If the FF is good enough at ƒ4, then APS-c is good enough at ƒ2.8. The FF has a one stop advantage if the lens is wide open, narrower depth of field but a 1 stop noise advantage. And that's a real advantage. But it's only an advantage shooting wide open. Any other time the same results can be achieved with either system. And the APS_c doesn't camera does,t really affect that at the long end. Generally diffraction means you get an extra stop with an FF body, although only for bodies with the same MP. Once you close your FF a stop, anything FF can do APS-c can do. SO do you really want to buy an FF system for better high ISO performance with the lens wide open? It's a pretty small window of opportunity. For that you trade the extra reach of the APS-c camera with the same lens. There's no free lunch.
Quote: Try putting the same total light as an image taken a FF at iso 100 F32 1/125sec on a cropped body.
At ƒ32 you have serious diffraction problems on either FF or APS-c but worse on APS-c. Not so much on 4x5 or 8x10 film. On 8x10 film even ƒ64 is still pretty good.
But at the long end of the scale say in your example
-FF-__ ISO 100 ƒ32. 1/125
APS-c ISO 100 ƒ32 1/125
It's a trade off, more total light (less noise) for more DoF. You decide which is more important and you take your pick. Which system you use depends on which advantage you want. However it's not a clean trade. The FF sensor is going to handle the diffraction a bit better, so you'd really have to want that depth of field for it to be worth while before going to APS_c.

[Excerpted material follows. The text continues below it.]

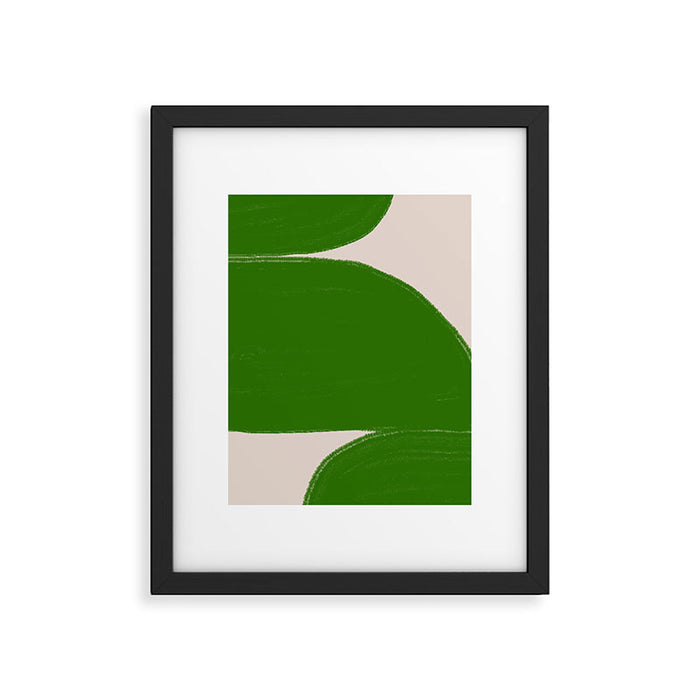 Greeny Shapes  Framed Art Print Gallery Image 1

But we are talking about the extreme ends of the lens range, and there are good reasons for not going there, 99% of the time. So we are discussing not the everyday shooting, but the extreme cases. Straight up, there's no sense in giving theoretical importance to things you don't very often do.
Same image, same total light. I'm not seeing where you are going with this. At that end the DOF on the APS-c gives the APS-c the advantage.
This if course would be pretty moot for K-1 users. Technological processing advantages have increased the ISO of the K-1 to nearly a 2 stop advantage, meaning the only real advantage to the K-3 is reach in good light.